Zu den wichtigsten Punkten für ein gesundes Leben gehört Zweifelsohne die Selbstreflexion und das Erkennen der eigenen Lebensprobleme. Manche essen vielleicht gar nicht so schlecht, bewegen sich aber viel zu wenig. Manche bewegen sich viel, essen aber viel zu schlecht. Es ist alles sehr individuell. Was viele jedoch gemeinsam haben: Sie trinken Alkohol.
Gerade in Deutschland ist Alkohol gesellschaftlich anerkannt, gehört in vielen Leben einfach dazu. Familienfeier, Fußball gucken, Feierabend – oder einfach ein Mittagessen im Restaurant. Wer nicht anstößt, gehört nicht dazu. Aber wer wegen Alkohol in Probleme gerät, wird für seine vermeintliche Schwäche ausgelacht und links liegen gelassen. Auch ich hatte Alkoholprobleme, darum soll es heute gehen.

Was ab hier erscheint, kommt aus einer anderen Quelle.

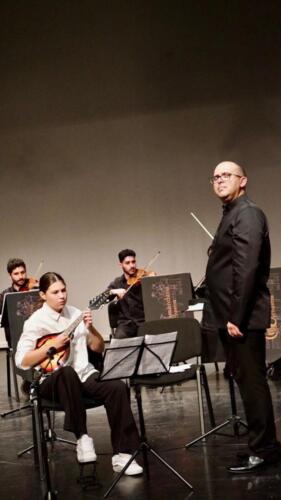 в галерею (10)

Kaum einer, der nicht trinkt
Und mit diesen Problemen bin ich nicht allein. Schaue ich in meine Familie, in den Freundeskreis und in den erweiterten Dunstkreis, dann ist Alkohol ein ständiger Begleiter der meisten mir bekannten Personen. Um langfristig jedoch fit und gesund zu sein, um endlich voll leistungsfähig für Familie und Beruf sein zu können, kam irgendwann der Tag, an dem ich persönlich dem Alkohol endgültig abgeschworen hatte.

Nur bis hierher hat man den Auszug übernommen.